Connery plays Bond as a creaky old bastard, reduced to running faltering training missions, and forced by his bosses to spend more time convalescing. While at a spa, Bond encounters sexy assassin Barbara Carrera, and upon following her trail, he uncovers a plot by S.P.E.C.T.R.E. involving stolen warheads, a funkercising Kim Basinger (in a see-through leotard), and seafaring badass Klaus Maria Brandauer.

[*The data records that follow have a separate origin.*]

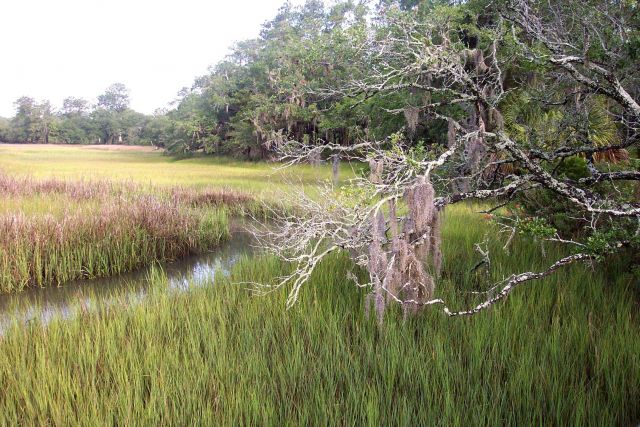 Salt water marsh, oaks and Spanish moss near the Wando River at Daniel Island. Picture
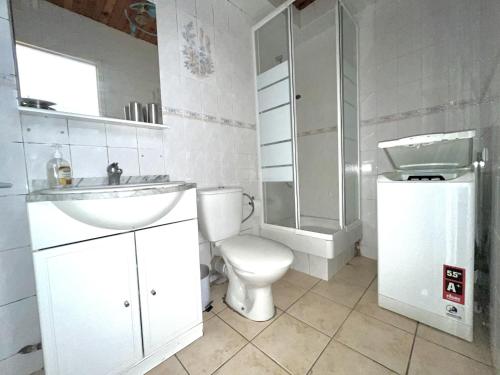une salle de bain avec toilettes, lavabo et douche dans l'établissement Appartement T2 avec terrasse, parking privé, à 600m de la plage - Idéal famille et animaux admis - FR-1-309-477, à Saint-Cyprien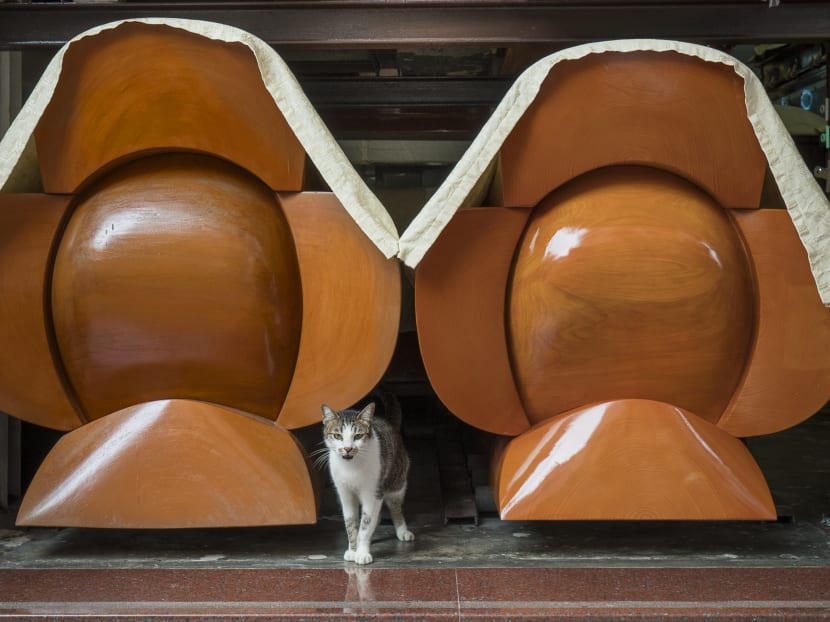 Gallery: Feline good: Photographing the cats found in traditional Hong Kong shops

Never Say Never Again’s story was freely adapted from Ian Fleming’s Bond novel Thunderball—which Fleming himself took from a screenplay he worked on for NSNA’s producers back in the ’50s—but it’s been awkwardly updated for the early ’80s, with a sleazy-sounding Michel Legrand light-jazz soundtrack, and a casino mano-a-mano between the hero and Brandauer that tests their respective skills at handling a joystick.

Connery sets the right tone for Never Say Never Again by treating the material lightly, but never tongue-in-cheek, and Brandauer, Basinger, and Carrera follow suit, cultivating a vibe that’s easygoing, without the oppressive whimsy of something like Moore’s Octopussy, which was released the same year. (The only character who’s completely off the beam is the comically patrician British Consulate flack played by Rowan Atkinson.) Yet much of Connery’s good effort is undone by Batman/Flash Gordon scribe Lorenzo Semple Jr., whose kitschy screenplay proves once again that he’s never met a pulp icon he couldn’t treat with thinly veiled contempt. Never Say Never Again is too agreeable to dislike, but even now, 25 years later, it’s still bothersome that Connery and company didn’t take their rogue production and remind the moviegoing public how Bond should be done.

Key features: A matter-of-fact commentary track with Kershner and Bond expert Steven Jay Rubin, and a trio of halfway-apologetic featurettes. One further note, on the Blu-ray edition: This disc doesn’t have anywhere near the depth of sound or clarity of image of the other Bond Blu-rays. Like the movie itself, the disc feels tossed-off.